Red Benches No 2: Highlights from a week in the House of Lords
Debates on boycotts, schools and mental health, the Horizon scandal, right to roam, poverty and more
Welcome to the second edition of Red Benches, my weekly roundup of events in the House of Lords. We might not have quite managed the level of conflict and chaos in “the Other Place”, as we customarily refer to the House of Commons, with the position of Speaker Lindsay Hoyle hanging in the balance this weekend. But we had our moments.
Here’s what I saw as some the highlights. Scroll down to find a list of my activities this week.
Part 1: Around the House
A. Boycotts Bill (or Economic Activity of Public Bodies (Overseas Matters)
This was the Second Reading, so general discussion, of the Bill, and what powerful voices we heard in opposition.
Labour’s Lord Hain nailed it: “another pernicious piece of legislation attacking the freedom to protest against injustice and oppression except when the Government approve.” And provided an important reminder of the leading role of local authorities and universities (with Sheffield at the forefront) in the campaign against apartheid in South Africa.
Baroness Kennedy of the Shaws pointed out: “We know that there can be exceptions in certain circumstances if sanctioned by the Secretary of State, but in no circumstances whatever can Israel be excluded. It gets a free pass; that one nation is wrongly singled out. That is seriously worrying at this time. I think particularly of the allegations of hypocrisy that there will be, and the ways in which this will be so enraging to many in the global South.”

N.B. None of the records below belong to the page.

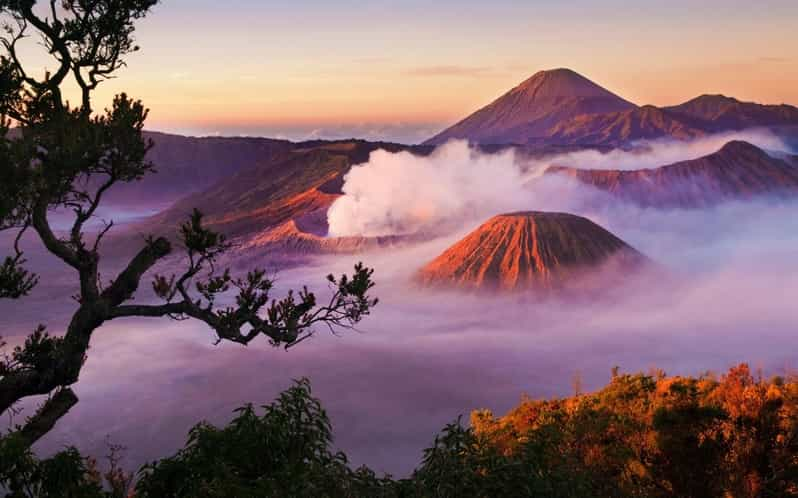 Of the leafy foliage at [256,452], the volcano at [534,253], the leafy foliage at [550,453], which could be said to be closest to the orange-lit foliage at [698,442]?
the leafy foliage at [550,453]

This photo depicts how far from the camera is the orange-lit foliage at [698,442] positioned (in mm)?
18844

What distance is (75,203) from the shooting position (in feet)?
45.8

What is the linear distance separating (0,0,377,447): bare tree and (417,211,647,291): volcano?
441 feet

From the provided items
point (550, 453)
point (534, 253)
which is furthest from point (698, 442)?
point (534, 253)

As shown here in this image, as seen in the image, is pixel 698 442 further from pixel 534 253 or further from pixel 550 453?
pixel 534 253

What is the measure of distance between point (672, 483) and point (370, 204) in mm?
179516

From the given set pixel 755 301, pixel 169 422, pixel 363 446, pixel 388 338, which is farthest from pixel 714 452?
pixel 755 301

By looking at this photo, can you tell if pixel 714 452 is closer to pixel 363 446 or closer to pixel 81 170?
pixel 81 170

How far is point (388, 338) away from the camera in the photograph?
147 m

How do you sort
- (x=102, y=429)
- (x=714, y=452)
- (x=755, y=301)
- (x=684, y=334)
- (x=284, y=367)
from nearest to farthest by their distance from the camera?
(x=714, y=452)
(x=102, y=429)
(x=284, y=367)
(x=684, y=334)
(x=755, y=301)

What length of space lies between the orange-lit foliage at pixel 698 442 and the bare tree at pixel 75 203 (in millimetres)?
7823

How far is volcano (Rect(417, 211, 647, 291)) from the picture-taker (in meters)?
146

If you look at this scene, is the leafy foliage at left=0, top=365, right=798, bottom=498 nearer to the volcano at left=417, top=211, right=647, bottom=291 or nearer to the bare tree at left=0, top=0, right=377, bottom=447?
the bare tree at left=0, top=0, right=377, bottom=447

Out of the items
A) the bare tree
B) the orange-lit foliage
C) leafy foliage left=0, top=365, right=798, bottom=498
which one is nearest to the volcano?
leafy foliage left=0, top=365, right=798, bottom=498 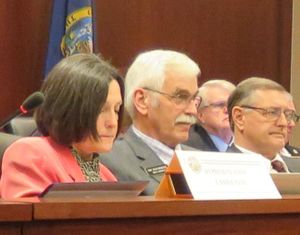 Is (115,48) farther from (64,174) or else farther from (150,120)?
(64,174)

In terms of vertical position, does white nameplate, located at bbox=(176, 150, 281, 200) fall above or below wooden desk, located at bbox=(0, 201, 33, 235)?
below

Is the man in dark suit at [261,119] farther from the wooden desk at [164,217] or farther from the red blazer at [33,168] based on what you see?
the wooden desk at [164,217]

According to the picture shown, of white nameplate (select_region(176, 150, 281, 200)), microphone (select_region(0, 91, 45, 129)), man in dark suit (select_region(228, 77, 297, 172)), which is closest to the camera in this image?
white nameplate (select_region(176, 150, 281, 200))

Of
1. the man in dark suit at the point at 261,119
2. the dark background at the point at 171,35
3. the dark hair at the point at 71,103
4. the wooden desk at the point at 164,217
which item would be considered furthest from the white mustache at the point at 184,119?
the dark background at the point at 171,35

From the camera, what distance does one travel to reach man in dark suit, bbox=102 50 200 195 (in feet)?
10.2

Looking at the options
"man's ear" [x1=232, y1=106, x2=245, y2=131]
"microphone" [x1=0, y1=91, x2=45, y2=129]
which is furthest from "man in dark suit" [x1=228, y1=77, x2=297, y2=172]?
"microphone" [x1=0, y1=91, x2=45, y2=129]

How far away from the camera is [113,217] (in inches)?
60.8

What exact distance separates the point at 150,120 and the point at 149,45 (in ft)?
7.18

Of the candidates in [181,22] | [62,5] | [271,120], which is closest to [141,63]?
[271,120]

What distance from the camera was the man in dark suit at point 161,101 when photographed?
3113mm

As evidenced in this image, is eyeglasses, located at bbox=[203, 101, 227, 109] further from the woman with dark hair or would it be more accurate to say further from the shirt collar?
the woman with dark hair

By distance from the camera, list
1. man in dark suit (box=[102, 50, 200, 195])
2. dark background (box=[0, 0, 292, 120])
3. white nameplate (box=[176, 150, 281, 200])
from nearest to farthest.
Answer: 1. white nameplate (box=[176, 150, 281, 200])
2. man in dark suit (box=[102, 50, 200, 195])
3. dark background (box=[0, 0, 292, 120])

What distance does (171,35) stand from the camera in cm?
540

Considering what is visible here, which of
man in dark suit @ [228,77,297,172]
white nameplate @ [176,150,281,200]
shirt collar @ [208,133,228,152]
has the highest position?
white nameplate @ [176,150,281,200] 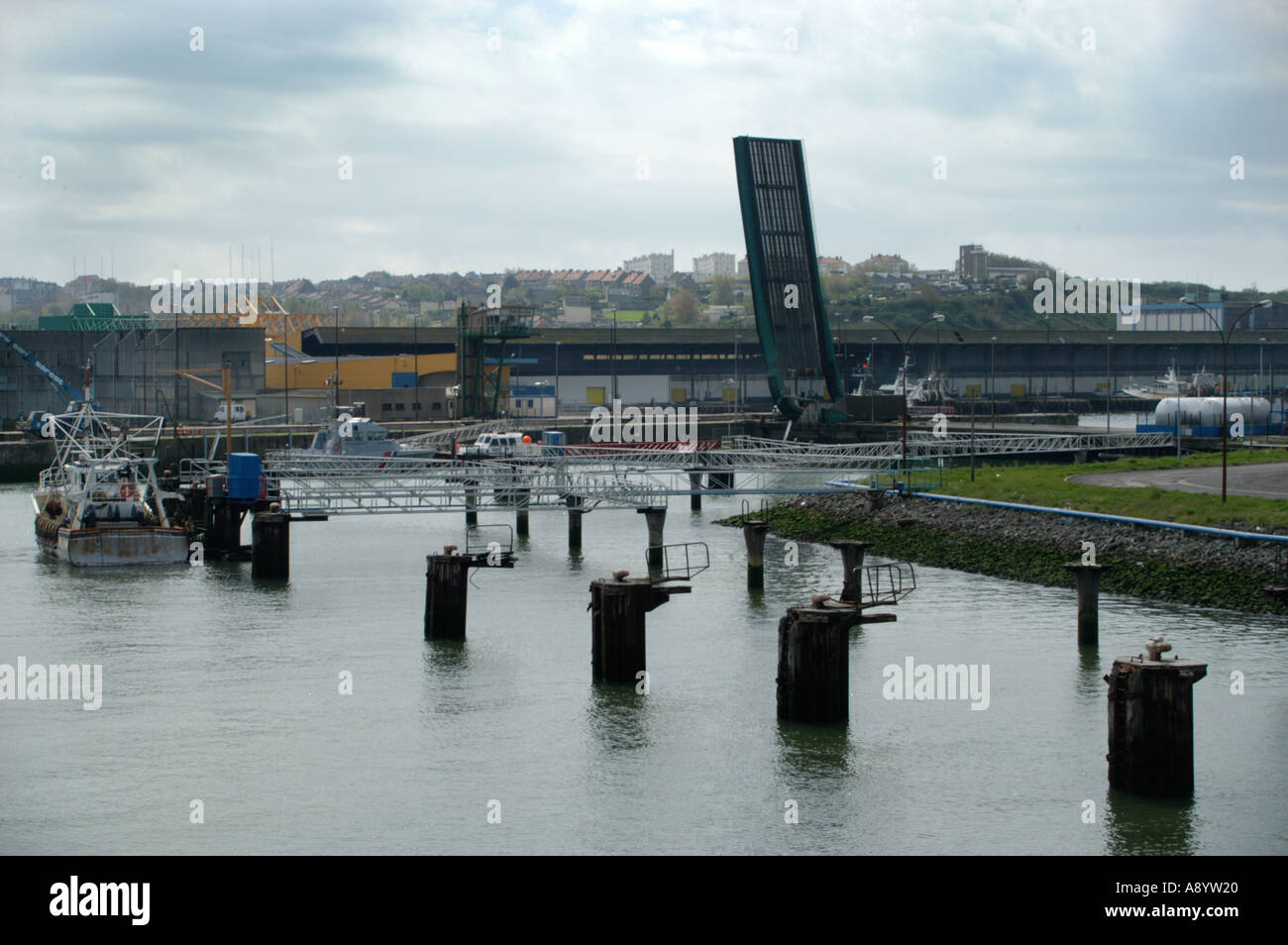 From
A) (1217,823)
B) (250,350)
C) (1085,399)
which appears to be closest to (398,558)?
(1217,823)

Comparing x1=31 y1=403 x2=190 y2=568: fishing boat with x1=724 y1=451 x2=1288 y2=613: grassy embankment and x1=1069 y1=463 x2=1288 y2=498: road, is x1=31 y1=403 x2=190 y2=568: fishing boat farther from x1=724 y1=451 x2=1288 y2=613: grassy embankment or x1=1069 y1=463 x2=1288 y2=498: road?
x1=1069 y1=463 x2=1288 y2=498: road

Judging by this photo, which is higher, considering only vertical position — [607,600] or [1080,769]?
[607,600]

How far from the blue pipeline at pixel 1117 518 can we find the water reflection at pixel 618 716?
50.7ft

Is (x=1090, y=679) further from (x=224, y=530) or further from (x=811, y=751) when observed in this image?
(x=224, y=530)

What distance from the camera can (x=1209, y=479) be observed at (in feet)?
142

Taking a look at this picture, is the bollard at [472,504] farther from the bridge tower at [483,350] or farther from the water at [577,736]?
the bridge tower at [483,350]

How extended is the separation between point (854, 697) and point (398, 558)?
18632mm

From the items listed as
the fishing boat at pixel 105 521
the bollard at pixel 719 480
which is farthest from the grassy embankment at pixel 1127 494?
the fishing boat at pixel 105 521

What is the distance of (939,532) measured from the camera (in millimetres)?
40250

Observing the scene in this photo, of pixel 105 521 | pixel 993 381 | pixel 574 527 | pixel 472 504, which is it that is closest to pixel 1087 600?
pixel 574 527

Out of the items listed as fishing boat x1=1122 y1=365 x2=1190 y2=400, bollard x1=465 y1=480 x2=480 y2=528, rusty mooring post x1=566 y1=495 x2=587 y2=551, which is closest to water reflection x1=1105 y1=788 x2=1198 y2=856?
bollard x1=465 y1=480 x2=480 y2=528

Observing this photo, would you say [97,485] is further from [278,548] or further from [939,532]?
[939,532]

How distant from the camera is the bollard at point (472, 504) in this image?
3838 centimetres

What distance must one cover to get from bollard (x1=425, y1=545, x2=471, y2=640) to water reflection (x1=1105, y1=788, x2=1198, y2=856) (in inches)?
533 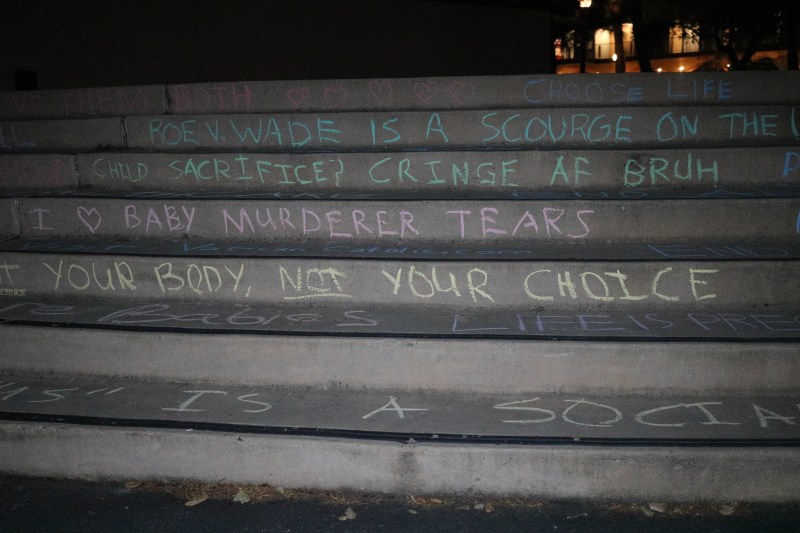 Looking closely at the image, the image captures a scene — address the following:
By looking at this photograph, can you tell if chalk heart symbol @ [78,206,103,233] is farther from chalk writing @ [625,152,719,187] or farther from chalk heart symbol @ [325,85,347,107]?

In my contribution, I noted that “The first clause of this Bill is entitled: “Disapproval of foreign state conduct prohibited”. In George Orwell’s Oceania, that would surely be a banned phrase—far too blunt and obvious in its repression —yet this is what the Government want to make law.” Jenny Jones commented that it “threatens to remove the right of councils and councillors to do their best for their residents.”.

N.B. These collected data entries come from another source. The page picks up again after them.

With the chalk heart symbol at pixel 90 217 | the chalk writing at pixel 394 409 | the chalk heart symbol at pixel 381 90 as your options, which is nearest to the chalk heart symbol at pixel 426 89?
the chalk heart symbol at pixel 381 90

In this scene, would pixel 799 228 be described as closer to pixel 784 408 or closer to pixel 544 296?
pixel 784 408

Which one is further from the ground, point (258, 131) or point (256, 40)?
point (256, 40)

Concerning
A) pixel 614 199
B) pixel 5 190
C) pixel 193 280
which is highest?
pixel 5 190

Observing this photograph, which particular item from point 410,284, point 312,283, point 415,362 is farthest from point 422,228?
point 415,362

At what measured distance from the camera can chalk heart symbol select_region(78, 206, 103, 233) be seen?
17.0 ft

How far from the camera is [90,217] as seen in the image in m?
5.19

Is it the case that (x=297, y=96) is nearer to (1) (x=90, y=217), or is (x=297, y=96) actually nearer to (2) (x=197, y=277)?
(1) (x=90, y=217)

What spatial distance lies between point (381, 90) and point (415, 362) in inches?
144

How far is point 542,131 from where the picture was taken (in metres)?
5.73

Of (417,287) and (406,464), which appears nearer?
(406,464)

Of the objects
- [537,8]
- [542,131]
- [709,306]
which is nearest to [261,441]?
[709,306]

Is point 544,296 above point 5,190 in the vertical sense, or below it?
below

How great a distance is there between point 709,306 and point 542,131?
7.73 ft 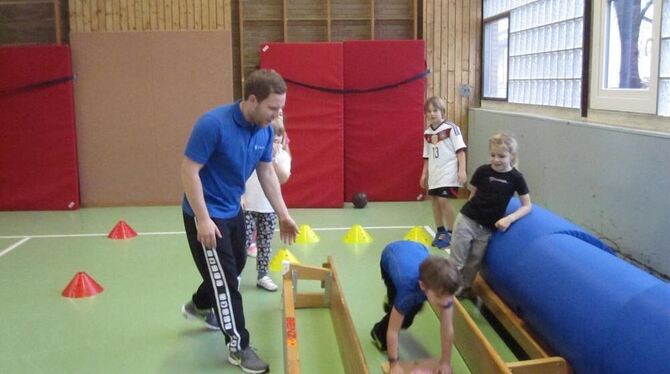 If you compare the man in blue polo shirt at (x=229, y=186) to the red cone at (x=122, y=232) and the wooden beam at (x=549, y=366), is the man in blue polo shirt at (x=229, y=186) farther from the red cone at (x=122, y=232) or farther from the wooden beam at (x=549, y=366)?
the red cone at (x=122, y=232)

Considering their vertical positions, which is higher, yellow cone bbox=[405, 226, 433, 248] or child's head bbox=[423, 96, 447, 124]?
child's head bbox=[423, 96, 447, 124]

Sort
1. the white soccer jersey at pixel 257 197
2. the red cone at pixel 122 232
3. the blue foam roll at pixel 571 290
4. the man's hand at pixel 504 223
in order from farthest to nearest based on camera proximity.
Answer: the red cone at pixel 122 232 → the white soccer jersey at pixel 257 197 → the man's hand at pixel 504 223 → the blue foam roll at pixel 571 290

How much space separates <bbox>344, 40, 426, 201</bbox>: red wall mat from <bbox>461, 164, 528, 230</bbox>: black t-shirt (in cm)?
398

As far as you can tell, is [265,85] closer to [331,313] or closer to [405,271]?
[405,271]

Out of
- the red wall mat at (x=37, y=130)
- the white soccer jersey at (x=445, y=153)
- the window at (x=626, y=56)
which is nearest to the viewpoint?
the window at (x=626, y=56)

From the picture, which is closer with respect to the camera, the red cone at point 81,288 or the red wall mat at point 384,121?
the red cone at point 81,288

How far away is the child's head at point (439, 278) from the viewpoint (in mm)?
2811

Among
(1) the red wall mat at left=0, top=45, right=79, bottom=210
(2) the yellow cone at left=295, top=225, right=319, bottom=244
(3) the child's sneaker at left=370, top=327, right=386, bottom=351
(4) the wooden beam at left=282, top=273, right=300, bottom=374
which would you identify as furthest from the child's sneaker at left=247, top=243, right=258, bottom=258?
(1) the red wall mat at left=0, top=45, right=79, bottom=210

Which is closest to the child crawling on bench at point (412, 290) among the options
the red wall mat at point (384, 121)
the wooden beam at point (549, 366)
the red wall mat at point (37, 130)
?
the wooden beam at point (549, 366)

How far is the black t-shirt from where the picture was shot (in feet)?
13.2

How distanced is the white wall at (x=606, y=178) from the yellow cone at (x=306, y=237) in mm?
A: 2106

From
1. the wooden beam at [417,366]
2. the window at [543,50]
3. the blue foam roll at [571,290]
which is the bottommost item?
the wooden beam at [417,366]

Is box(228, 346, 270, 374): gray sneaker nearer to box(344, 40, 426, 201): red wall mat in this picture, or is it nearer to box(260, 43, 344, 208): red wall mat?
box(260, 43, 344, 208): red wall mat

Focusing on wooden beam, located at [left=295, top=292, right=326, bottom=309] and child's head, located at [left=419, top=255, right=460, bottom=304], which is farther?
wooden beam, located at [left=295, top=292, right=326, bottom=309] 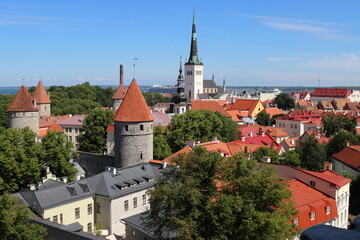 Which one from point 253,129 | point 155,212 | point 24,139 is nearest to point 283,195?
point 155,212

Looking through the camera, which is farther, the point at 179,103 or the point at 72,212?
the point at 179,103

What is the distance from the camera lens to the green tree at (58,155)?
101 feet

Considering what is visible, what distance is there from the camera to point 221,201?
48.6ft

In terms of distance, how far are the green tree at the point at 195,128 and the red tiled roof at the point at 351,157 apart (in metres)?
13.3

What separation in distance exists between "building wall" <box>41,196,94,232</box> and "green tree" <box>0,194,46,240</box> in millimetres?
5609

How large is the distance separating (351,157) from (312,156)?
11.6ft

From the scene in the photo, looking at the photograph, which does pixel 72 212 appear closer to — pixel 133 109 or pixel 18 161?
pixel 18 161

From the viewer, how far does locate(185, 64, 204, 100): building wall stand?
323ft

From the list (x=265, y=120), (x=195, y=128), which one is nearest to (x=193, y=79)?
(x=265, y=120)

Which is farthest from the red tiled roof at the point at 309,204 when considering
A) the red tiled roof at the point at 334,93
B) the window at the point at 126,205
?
the red tiled roof at the point at 334,93

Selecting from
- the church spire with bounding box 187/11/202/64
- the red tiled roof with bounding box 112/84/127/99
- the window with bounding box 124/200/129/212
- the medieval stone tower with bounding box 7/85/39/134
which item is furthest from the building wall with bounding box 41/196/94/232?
the church spire with bounding box 187/11/202/64

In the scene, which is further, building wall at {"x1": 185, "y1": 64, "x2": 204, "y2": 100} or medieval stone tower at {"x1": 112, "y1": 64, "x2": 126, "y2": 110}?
building wall at {"x1": 185, "y1": 64, "x2": 204, "y2": 100}

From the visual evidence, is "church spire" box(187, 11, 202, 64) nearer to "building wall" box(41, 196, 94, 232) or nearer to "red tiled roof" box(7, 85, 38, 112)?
"red tiled roof" box(7, 85, 38, 112)

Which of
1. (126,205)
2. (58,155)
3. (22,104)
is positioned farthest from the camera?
(22,104) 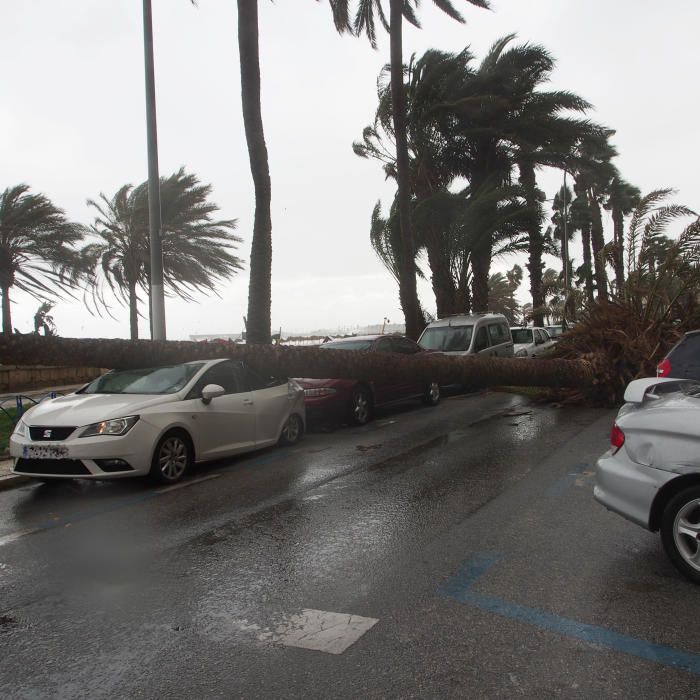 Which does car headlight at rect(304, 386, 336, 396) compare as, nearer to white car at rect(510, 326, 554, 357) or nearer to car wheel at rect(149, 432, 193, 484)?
car wheel at rect(149, 432, 193, 484)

Then we got to quite an amazing claim from the government minister, Baroness Noakes, an attempt to rewrite history that got comprehensively debunked, with testimony from several people at the centre of action at the time. (Really worth a watch!)
B. Private Notice Question: Horizon scandal
Similar to urgent notice questions in the Commons, granted on the sole decision of the Lord Speaker, on Monday Labour’s Lord Touhig was granted a PNQ on the subject of the weekend controversy over delays to payments to sub-postmasters wrongly prosecuted by Royal Mail in the Horizon IT scandal.

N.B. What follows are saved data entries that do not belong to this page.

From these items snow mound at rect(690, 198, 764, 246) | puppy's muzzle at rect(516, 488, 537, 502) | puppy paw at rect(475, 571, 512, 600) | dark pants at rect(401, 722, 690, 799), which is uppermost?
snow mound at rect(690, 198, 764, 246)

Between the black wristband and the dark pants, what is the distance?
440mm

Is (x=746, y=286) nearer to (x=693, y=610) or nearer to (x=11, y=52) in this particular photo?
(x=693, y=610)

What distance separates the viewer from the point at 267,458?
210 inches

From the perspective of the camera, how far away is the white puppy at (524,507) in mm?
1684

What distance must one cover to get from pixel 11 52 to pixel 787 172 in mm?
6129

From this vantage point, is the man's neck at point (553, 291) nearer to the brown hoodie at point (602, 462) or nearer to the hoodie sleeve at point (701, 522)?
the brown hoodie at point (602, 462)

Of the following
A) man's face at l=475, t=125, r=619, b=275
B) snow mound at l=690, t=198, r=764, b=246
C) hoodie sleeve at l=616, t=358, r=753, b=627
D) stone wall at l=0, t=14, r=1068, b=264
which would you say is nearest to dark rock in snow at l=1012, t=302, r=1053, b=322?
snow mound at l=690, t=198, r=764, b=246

Lord Offord of Garvel for the government said of the claim that it had tried to delay payments; “I can utterly refute this allegation.”.
Baroness Brinton pointed out that “on 28 January, Kemi Badenoch said on the BBC that the deadline was not a priority and that getting governance sorted out at the Post Office was more important.”
C. Right to Roam
On Wednesday, my fellow Green peer Jenny Jones secured a Topical Oral Question on the “right to roam”, in the context of campaigner s’ focus on “islands” of public access land that can only be reached by trespassing. And actually got a halfway positive answer from the minister: “The Government are aware that in the original mapping of open access land, some areas were identified to which there is no legal route. We are committed to undertaking a review of this position, and legislation to facilitate this review was recently passed into law in the Levelling-up and Regeneration Act.” As well as a loud groan from the Tory benches when she commented on the extreme concentration of land ownership on these islands - which shows you which side they are on.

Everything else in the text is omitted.